Navy sinks aircraft carrier with toxic substances after 6 months of uncertainty


Under criticism from environmentalists, the aircraft carrier São Paulo was sunk by the Navy late Friday afternoon (3) even with an offer of R$ 30 million from a Saudi group for the vessel and after a court approval.

The wreck occurred 350 kilometers off the Brazilian coast, in an area with a depth of 5,000 meters. Image captured by satellites and released by the NGO Greenpeace this Friday showed the vessel at the same distance from the coast of Pernambuco, almost in a straight line from Recife.

The vessel has almost ten tons of asbestos, and its sinking was the subject of discussions between ministers José Múcio Monteiro (Defense) and Marina Silva (Environment), who ended up defeated.

“The procedure was conducted with the necessary technical competence and safety by the Brazilian Navy, in order to avoid logistical, operational, environmental and economic damage to the Brazilian State”, said the Navy, in a note.

The operation took place after, this Friday, the Federal Regional Court of the 5th Region had denied an appeal by the Federal Public Ministry and maintained the decision of the first instance of the Federal Court in Pernambuco that rejected a request to prevent the hull of the aircraft carrier São Paulo from being discarded in Brazilian waters.

The Navy’s decision provoked reactions because of the contamination generated from the sinking.

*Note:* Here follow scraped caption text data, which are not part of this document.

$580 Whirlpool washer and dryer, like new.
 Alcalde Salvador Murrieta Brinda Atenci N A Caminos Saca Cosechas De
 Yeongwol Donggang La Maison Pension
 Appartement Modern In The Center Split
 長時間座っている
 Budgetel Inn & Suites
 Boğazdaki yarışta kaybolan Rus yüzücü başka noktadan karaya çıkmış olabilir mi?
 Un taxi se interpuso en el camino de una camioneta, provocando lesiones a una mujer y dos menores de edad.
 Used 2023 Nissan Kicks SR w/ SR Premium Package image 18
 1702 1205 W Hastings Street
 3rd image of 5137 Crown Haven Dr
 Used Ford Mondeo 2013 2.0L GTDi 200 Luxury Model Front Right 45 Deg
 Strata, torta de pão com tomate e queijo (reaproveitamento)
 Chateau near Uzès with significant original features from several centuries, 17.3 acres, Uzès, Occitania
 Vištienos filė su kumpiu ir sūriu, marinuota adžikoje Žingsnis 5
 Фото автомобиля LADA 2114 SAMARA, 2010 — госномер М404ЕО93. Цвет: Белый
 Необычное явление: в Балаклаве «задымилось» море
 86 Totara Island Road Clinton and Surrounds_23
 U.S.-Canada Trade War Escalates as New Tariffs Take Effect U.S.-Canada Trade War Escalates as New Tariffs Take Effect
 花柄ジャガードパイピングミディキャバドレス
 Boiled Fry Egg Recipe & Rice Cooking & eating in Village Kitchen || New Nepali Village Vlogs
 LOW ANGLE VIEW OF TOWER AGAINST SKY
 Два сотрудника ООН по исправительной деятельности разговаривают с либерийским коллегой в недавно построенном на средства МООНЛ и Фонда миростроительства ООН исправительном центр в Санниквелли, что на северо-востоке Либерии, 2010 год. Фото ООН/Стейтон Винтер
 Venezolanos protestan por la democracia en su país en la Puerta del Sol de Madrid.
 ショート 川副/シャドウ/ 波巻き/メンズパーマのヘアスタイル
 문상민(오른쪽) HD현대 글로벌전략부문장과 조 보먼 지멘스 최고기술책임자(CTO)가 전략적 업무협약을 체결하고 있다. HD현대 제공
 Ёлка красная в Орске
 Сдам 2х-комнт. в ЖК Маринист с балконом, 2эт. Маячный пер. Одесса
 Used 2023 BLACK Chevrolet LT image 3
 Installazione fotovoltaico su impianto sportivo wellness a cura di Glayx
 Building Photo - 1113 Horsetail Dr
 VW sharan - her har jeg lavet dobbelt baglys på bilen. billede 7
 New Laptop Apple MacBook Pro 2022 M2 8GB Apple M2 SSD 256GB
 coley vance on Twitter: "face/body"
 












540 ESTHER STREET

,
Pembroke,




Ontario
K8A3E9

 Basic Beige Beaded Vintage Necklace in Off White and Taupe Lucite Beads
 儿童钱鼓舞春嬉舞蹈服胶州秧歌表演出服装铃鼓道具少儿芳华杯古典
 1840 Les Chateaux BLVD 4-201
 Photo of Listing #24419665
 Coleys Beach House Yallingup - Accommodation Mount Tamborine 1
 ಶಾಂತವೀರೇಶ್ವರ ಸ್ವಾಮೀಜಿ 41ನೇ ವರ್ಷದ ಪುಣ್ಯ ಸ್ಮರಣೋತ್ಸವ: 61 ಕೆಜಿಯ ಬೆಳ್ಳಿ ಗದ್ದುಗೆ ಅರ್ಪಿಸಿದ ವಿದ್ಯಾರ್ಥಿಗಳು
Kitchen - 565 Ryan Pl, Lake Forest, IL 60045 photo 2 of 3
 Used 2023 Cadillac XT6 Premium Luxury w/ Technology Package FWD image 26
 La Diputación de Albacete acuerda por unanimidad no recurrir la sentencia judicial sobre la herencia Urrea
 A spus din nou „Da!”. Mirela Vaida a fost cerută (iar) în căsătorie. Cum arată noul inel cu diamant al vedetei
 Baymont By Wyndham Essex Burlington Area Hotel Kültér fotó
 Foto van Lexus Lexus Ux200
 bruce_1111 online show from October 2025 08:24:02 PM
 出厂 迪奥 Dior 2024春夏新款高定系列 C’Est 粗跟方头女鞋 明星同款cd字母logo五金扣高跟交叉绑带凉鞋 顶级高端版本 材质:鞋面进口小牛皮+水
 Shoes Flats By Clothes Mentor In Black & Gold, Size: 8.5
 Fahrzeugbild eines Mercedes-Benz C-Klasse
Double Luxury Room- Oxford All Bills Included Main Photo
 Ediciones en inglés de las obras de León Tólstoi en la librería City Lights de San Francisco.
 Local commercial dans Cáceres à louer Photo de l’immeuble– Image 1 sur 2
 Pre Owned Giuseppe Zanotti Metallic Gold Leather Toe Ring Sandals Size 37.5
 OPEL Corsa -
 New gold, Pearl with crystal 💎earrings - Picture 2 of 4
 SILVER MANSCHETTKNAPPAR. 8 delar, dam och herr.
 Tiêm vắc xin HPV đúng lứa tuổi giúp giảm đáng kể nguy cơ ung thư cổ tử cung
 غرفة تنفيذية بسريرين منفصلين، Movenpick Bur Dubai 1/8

In addition to the amount of asbestos remaining on the vessel in structural parts, which could not be removed, consultants estimate that there are about 200 tons of PCBs (polychlorinated biphenyls), compounds used as fluids in cables and other components.

According to Ibama (Brazilian Institute for the Environment and Natural and Renewable Resources), some of the expected impacts are disturbances in the filtering capacity and difficulty in the growth of aquatic organisms and the release of CFCs and HCFCs gases (which degrade the ozone layer and act on the global warming). In addition, the physical impact on the sea floor would cause the death of species, the deterioration of ecosystems and the carcass could attract invasive species.

The Navy decided to discard the hull on the Brazilian coast even after a Saudi group offered BRL 30 million for the equipment. The proposal was made last Monday (30), after the Sheet reveal that the Navy planned to sink the vessel in view of the advanced degree of degradation of the old airfield.

The aircraft carrier was sold in 2021 by the Navy to a Turkish shipyard specializing in ship dismantling. The vehicle left Brazil on August 4 last year, on a trip that generated protests around the world and was monitored in real time by Greenpeace.

The Navy says that, after the decision to demobilize the aircraft carrier, it opted to sell the hull for “green dismantling”, a safe recycling process for which the Turkish shipyard Sök is accredited and certified.

But, in the face of complaints about the illegal export of asbestos, the Turkish government revoked authorization for the vessel to enter on August 26, when the ship was approaching the Strait of Gilbraltar, on a trip made with the help of a tugboat.

Analyzes carried out by the NGO Shipbreaking Platform on a twin aircraft carrier to São Paulo identified 760 tons of asbestos on the vessel. In view of this, the organization began to question whether, in fact, the hull sent by Brazil would have the 10 tons of toxic substance as foreseen in the inventory.

Ibama (Brazilian Institute for the Environment and Renewable Natural Resources) suspended the export license and ordered the ship to return to Brazil.

The aircraft carrier, however, was prevented by judicial decisions from docking in Rio de Janeiro and Pernambuco, and was anchored about 46 kilometers off the coast of Pernambuco, under protests from the maritime agent MSK, a partner of the Turkish shipyard Sök Denizcilik and Ticaret on purchase.

Since then, it has been towed away by two Navy vessels, the frigate União and the maritime support vessel Purus, and has been sailing through the region.